NCP seems to be the trend for Thanksgiving. Normally rain thanksgiving day followed by freezing temp overnight and ice. Play it safe and stay home, I'll be sure to take pics and post to let you see what you missed.


----------



## loafer89 (Nov 20, 2007)

It looks like it will stay snow for exteme Northern Vermont, New Hampshire and Maine for most of the time with a bit of freezing rain and sleet mixed in.


----------



## Vortex (Nov 20, 2007)

I won't take pictures and I'll be out.  Look us up Loafer89.


----------



## awf170 (Nov 20, 2007)

*Thursday Storm?*

Any ideas powderfreak and others?  NECN is saying that is going to close, but northern NE should stay mostly snow.  Any opinions on it? 

Man, another foot in the northern mountains and basically everything would be skiable.  One can dream...


Edit:  Wow, I missed JD thread.  I suck.  uke:


----------



## powderfreak (Nov 21, 2007)

Here's a time-line for the next event...

Wednesday Afternoon and Evening: Mixed precipitation breaks out with snow/sleet/freezing rain all equally possible...transitioning to all rain except pockets of freezing rain across far northern NY and northern VT east of the Green Mtn Spine.  Scattered rain showers are all thats expected down south towards Rutland.

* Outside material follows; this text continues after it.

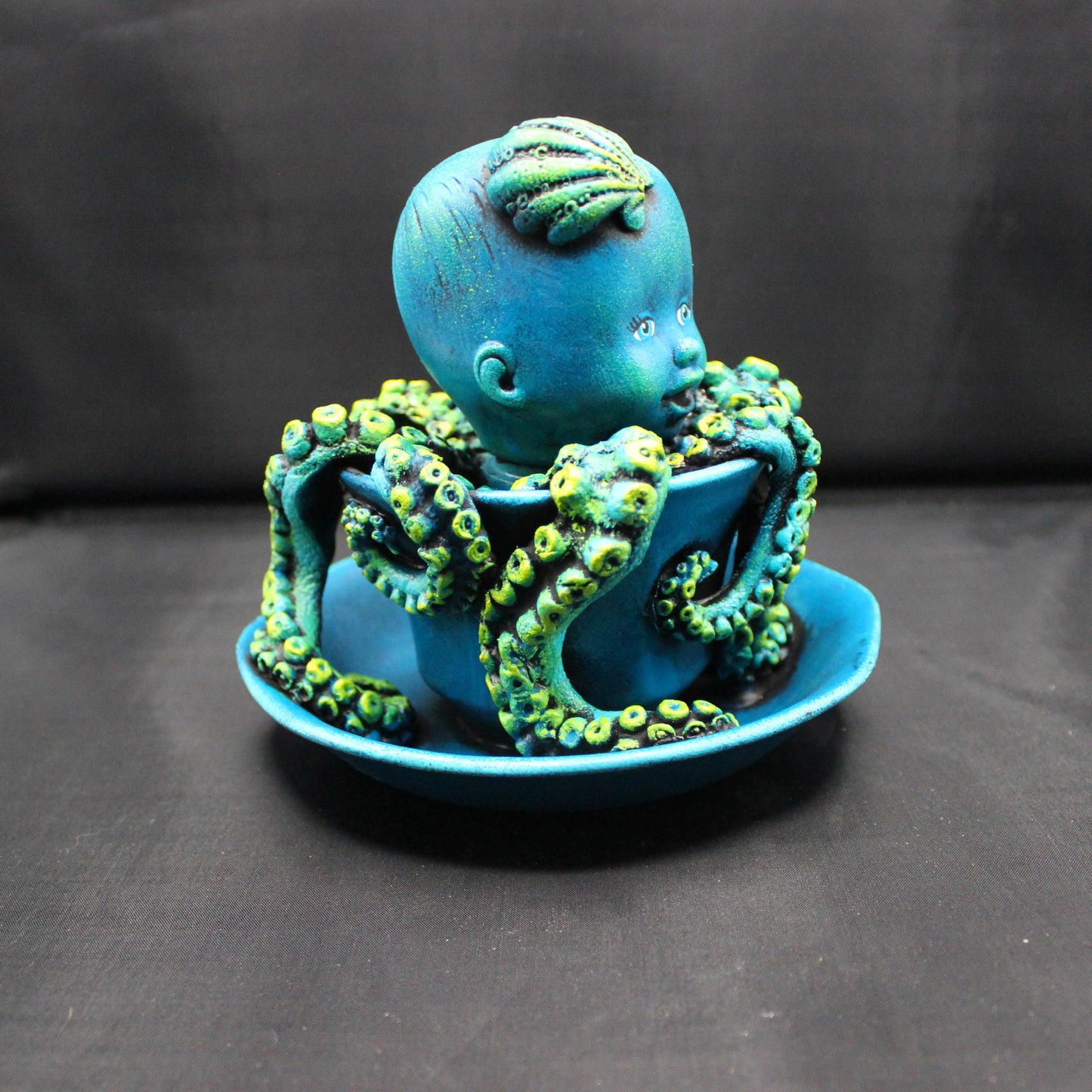 Blue Octopus Tea Cup Baby Head!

Wednesday Night: Showery precipitation becomes more stratiform in nature.  Heaviest in the north.  Mixed precipitation could continue near Jay Peak.  Temps hold steady in the mid 30's to lower 40's area wide.

Thursday and Thurs Night: Falling temperatures will bring a quick changeover to the western and northern Adirondacks and maybe up towards Jay Peak during the morning hours.  This changeover line will slowly work its way southeast.  Snow should reach BTV and points ESE later Thurs PM within a few hours of darkness.  A light snow accumulation of 1-4" is likely in the Adirondacks, central and northern Green Mountains, and northern White Mountains by Friday morning.  Whiteface and Jay Peak are the wildcards right now with the rain/snow line inching closer during time of heaviest precipitation.  They could come out with 4"+ by Friday morning.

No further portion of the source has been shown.